If it sounds very Alexander Payne-y, it’s because Alexander Payne directed it. And I mean that in the best way possible. I love the quirkiness of his films. He’s a master at examining the most depressing sh*t imaginable, yet somehow making you laugh at it. Supposedly The Descendants is no exception. It’s been getting some loud claps and cheers at both the Telluride and Toronto International Film Festival.

Hugo

Hugo marks master filmmaker Martin Scorsese’s first foray into 3D. An unfinished version of the film recently screened at the New York Film Festival, and critics are using words like “enchanting” and “magical” to describe it. Hugo is about an orphan who lives in the walls of a Paris train station, always making sure that the clock is wound and on time. Sacha Baron Cohen plays the station’s mustached strict inspector who wants to get rid of the dirty bum child living his walls.

We’ll have to wait on more reviews to see if Hugo is Oscar material, but it sounds like Scorsese has packed the film with enough whimsical cinematic magic to melt the heart of even the curmudgeonliest Academy member. I just hope they don’t seat the film’s young star Asa Butterfield next to Benedict Cumberbatch. The universe couldn’t handle the arrangement.
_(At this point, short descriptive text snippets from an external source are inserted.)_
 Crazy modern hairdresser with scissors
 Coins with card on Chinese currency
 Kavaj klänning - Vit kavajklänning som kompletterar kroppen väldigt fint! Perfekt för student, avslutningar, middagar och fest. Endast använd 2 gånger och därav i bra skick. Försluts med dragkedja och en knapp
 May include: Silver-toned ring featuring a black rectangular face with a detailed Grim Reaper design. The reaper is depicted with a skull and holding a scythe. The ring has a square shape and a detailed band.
The Girl with the Dragon Tattoo


Now here’s a film that no one knows anything about yet, even those credible film bloggers. I’m merely speculating, but the subject matter in The Girl with the Dragon Tattoo might be too much for Academy members to handle. I have no doubt that it’s well written, acted, directed, shot, scored, and everything else, but it’s become known as the “rape movie.” And to top it all off, the girl who gets sexually assaulted has no eyebrows. What kind of sick bastard does that to a person with no eyebrows? Hopefully voters find this artsy rather than perverse.

As a side note, it must be extremely painful shooting a rape scene for David Fincher. The guy has his actors open and close a door 80 times until it looks perfect. Now imagine that door is a pair of legs. There better be commentary on the DVD from Rooney Mara’s vagina.
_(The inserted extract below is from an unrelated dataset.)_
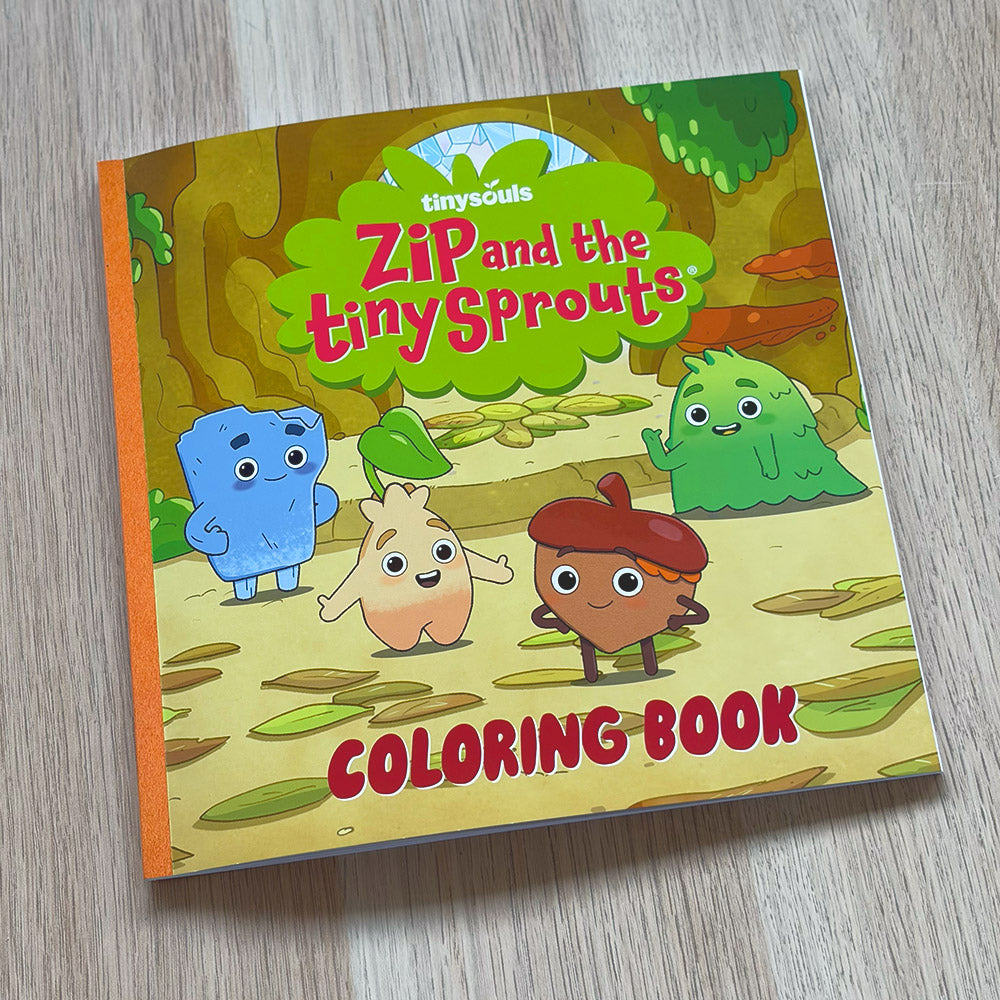 Coloring book titled 'Zip and the Tiny Sprouts' lying on a wooden table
Extremely Loud and Incredibly Close

Hmmmm. Tom Hanks acting alongside a precocious child in a film centered around the devastation of 9/11 directed by a man who’s been nominated for all of his previous films and written by an Oscar-winning screenwriter. Strap on your Gatling guns, War Horse. Someone’s trying to take your Oscar.
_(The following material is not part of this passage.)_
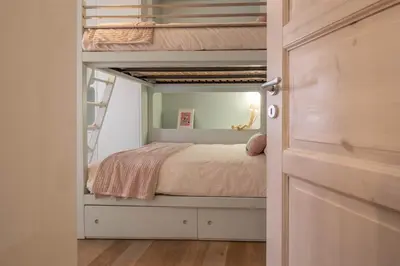 a bedroom with a bunk bed and a door at Suite Color Family Roma in Rome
The film deserves an Oscar simply for being so Oscar-y. The trailer even features U2’s “Where the Streets Have No Name,” a song that so badly wants you to hug the wind. This awards season, expect to see Extremely Loud and Incredibly Close get the recognition that it demands. I guess now I can’t use the title for my script about Harvey Fierstein stubbing his toe in a packed subway car.